During collective bargaining negotiations before last season, players conceded on some points in order to get more money for their younger counterparts and to raise the thresholds for the so-called luxury tax, in which teams that exceed certain amounts are penalized.

As a result, teams spent $4.2 billion this winter on free agent deals and contract extensions, according to Spotrac. Chief among them are big-market teams like the Yankees ($574 million), Mets ($498 million) and Padres ($838 million).

“It begs the question of why they made this decision and why others don’t,” Clark said of the Padres compared to other small-market teams. “It’s very clear from the San Diego owner’s public comments that they want to compete, that they’re capable of competing, that they’re excited about the team that they’ve built there at San Diego. This should be celebrated and not questioned.

Clark said teams have the flexibility to spend whatever they want and sometimes go through cycles of winning and spending. But he added that it was “in everyone’s interest to invest in the product” because when it is better, it attracts more fans and therefore more local revenue.

Based on the history of labor in the sport, Clark said he believes MLB’s new economic committee — which resembled the blue ribbon panels of the 1990s and 2000s — was part of a renewed desire for a salary cap, which he also noted was not a new idea.

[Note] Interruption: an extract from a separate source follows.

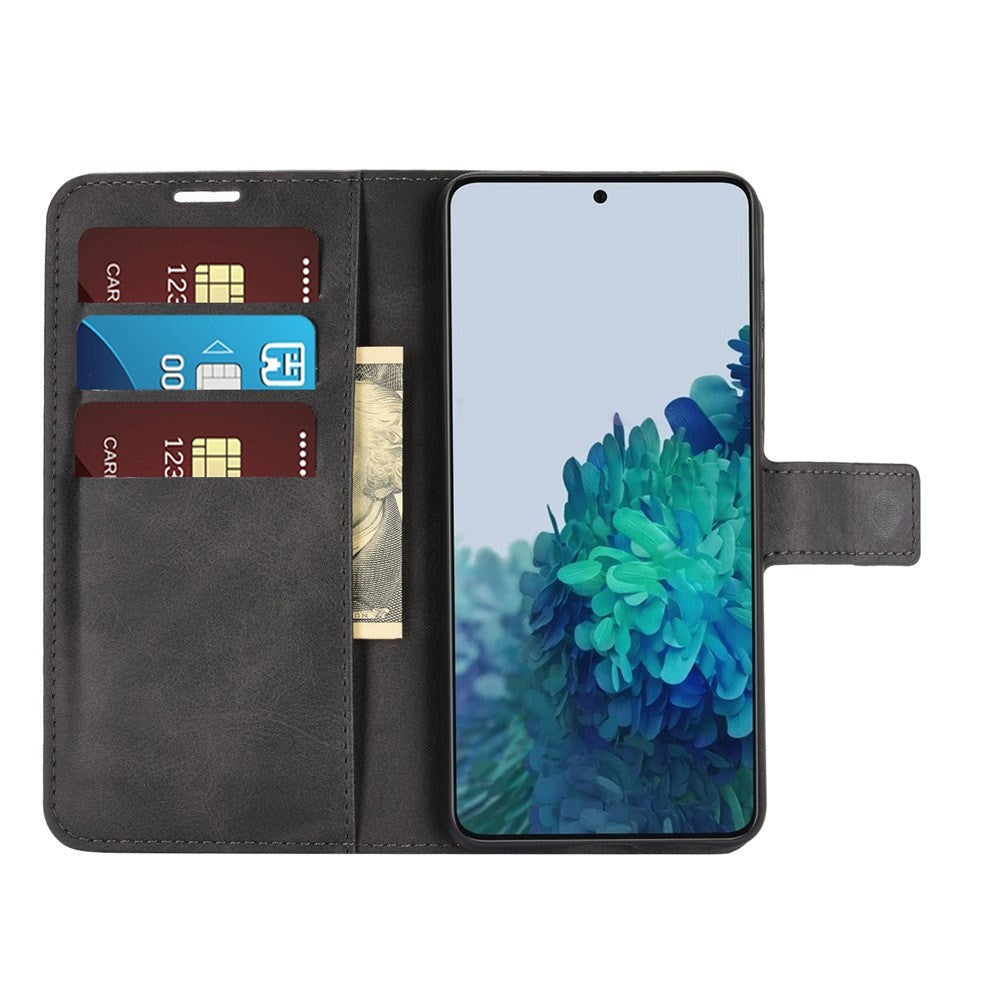 Samsung Galaxy S21 Læder Cover m. Pung - Sort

“What’s interesting are the comments that come a year after the new deal,” he said. “What’s interesting is the headline-grabbing comments in the context of a remarkably exciting offseason where teams competing and engaging in the free agent market have created a level of excitement that I think positive.”

In past union negotiations, Clark said, the union proposed changes to the revenue-sharing system that it said would have incentivized teams to spend and compete, but MLB opposed any changes. He also said players were open to a salary floor, which would require teams to spend a minimum amount, but the league proposed one that would come with a corresponding luxury tax system which was much more rigid that now, what the union opposes.

Although the luxury tax system has been treated as a soft cap by some teams, several teams have ignored these limits at times. The Los Angeles Dodgers and the Yankees – who have often exceeded them – were among the six teams to exceed the tax threshold of $ 230 million in 2022. The list also included the Philadelphia Phillies, Red Sox, Padres and Mets.

They have all won titles in the last five years or fought to win them, and remain among the World Series favorites – minus the Red Sox – in 2023. The 2022 World Series champion, the Houston Astros, had the eighth-largest payroll in MLB. It doesn’t always correlate with titles, but it has certainly helped teams improve their playoff chances.

Clark cautioned against making any definitive statements on the current labor agreement just a year after it took effect. He said it takes time for all its provisions to come into effect and then be studied.